The Air Force has already begun to evaluate the effect of basing the additional F-16s at Nellis AFB. Final Air Force decisions will be made regarding the new squadron upon completion of the environmental impact analysis process.
“As a former F-16 pilot and squadron commander at Hill, I know for many the F-16 has been synonymous with Hill Air Force Base since the late ‘70s. It has been a great platform, but this transition is exciting because it brings us another step closer to standing up three full F-35 squadrons,” said Col. David B. Lyons, 388th Fighter Wing commander. “With the F-35, Hill AFB is at the forefront of the 21st Century Air Force.” Lyons said that no manpower at Hill will be lost as a result of the F-16 departure. Existing F-16 manpower will transition to support the F-35 mission.
Upon reaching full operational capability, the 57th Wing at Nellis AFB will conduct all graduate-level CAS training as well as operational training for the forward air control mission.
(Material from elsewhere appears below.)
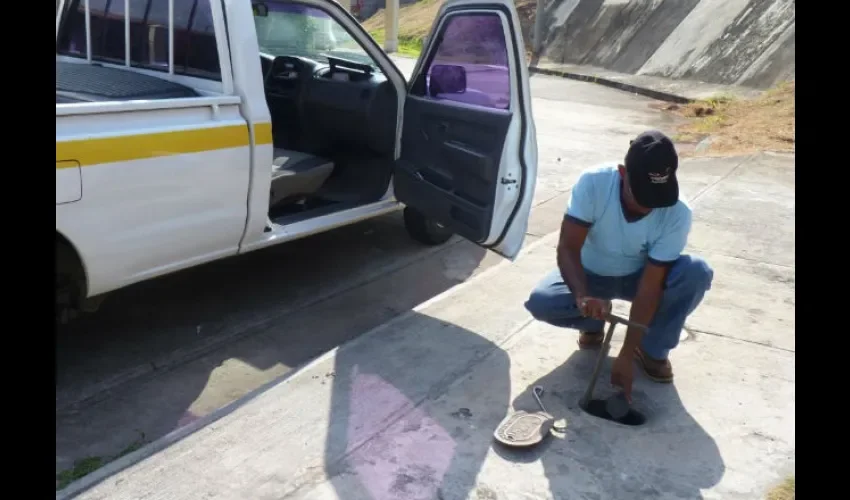 Realizan cortes de agua. Foto: Diómedes Sánchez 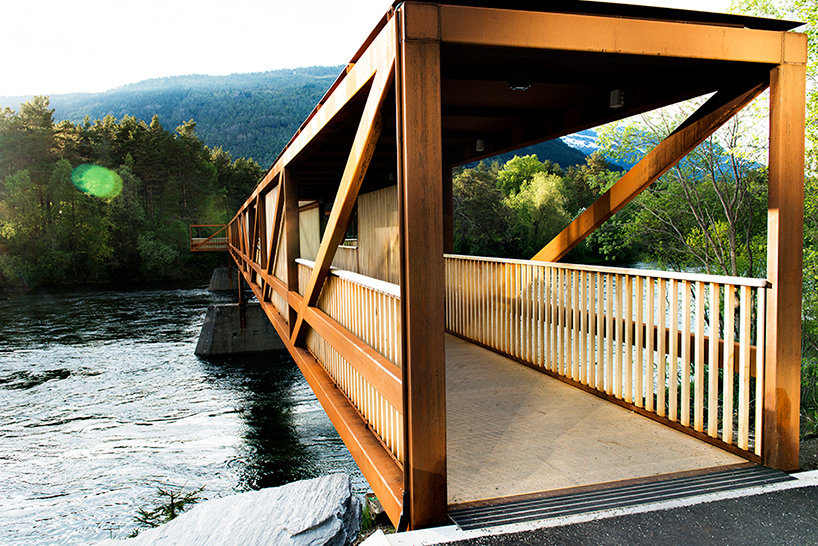 rintala-eggertsson-architects-tintra-footbridge-voss-norway-designboom-03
The wing currently conducts the JTAC weapon’s instructor course, the air liaison officer qualifying course, and Green Flag, the Air Force’s series of premier air-to-ground training exercises.
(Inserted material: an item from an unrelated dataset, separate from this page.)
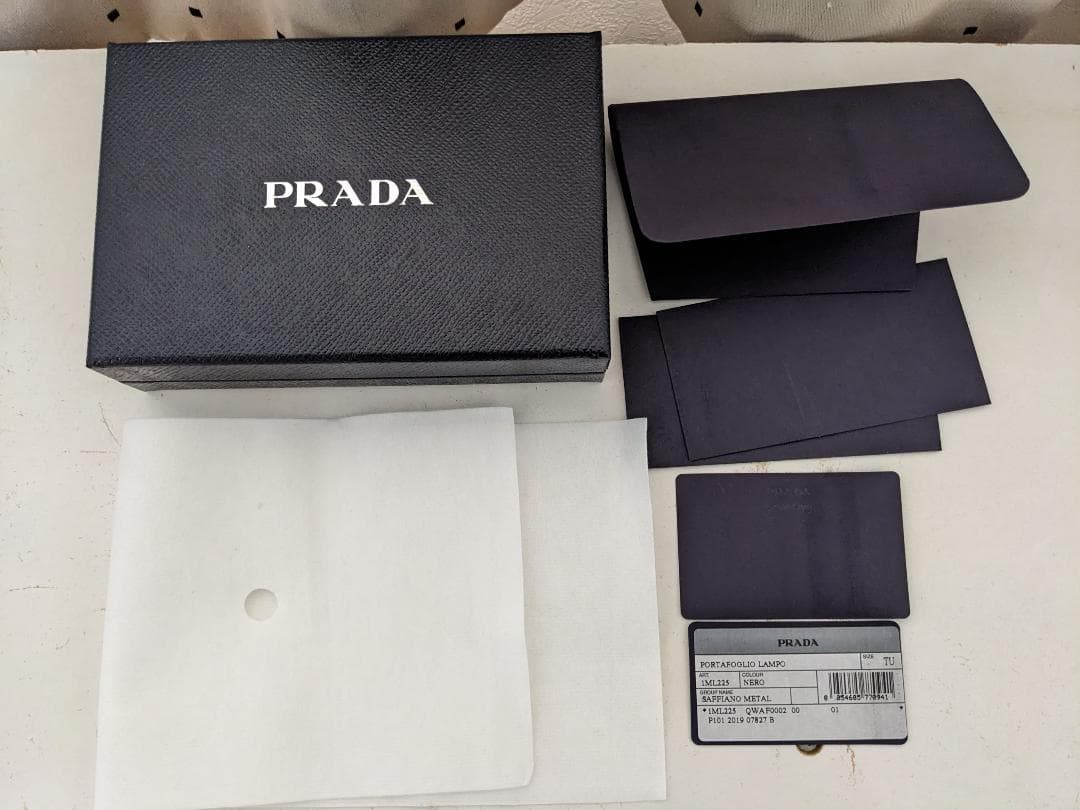 未使用品 プラダ 1ML225 サフィアーノメタル 二つ折り ウォレット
“The 57th Operations Group is uniquely positioned to become the Air Force’s center of excellence for close air support training,” said Jennifer Miller, the deputy assistant Air Force secretary for installations.
The 57th OG educates, exercises, and advocates the integration of airpower into the joint fight and supports the preparation of the combat air forces’ maintainers and aircrews. To execute its mission, the group oversees operations of six squadrons and three detachments from Nellis AFB and four geographically separated locations.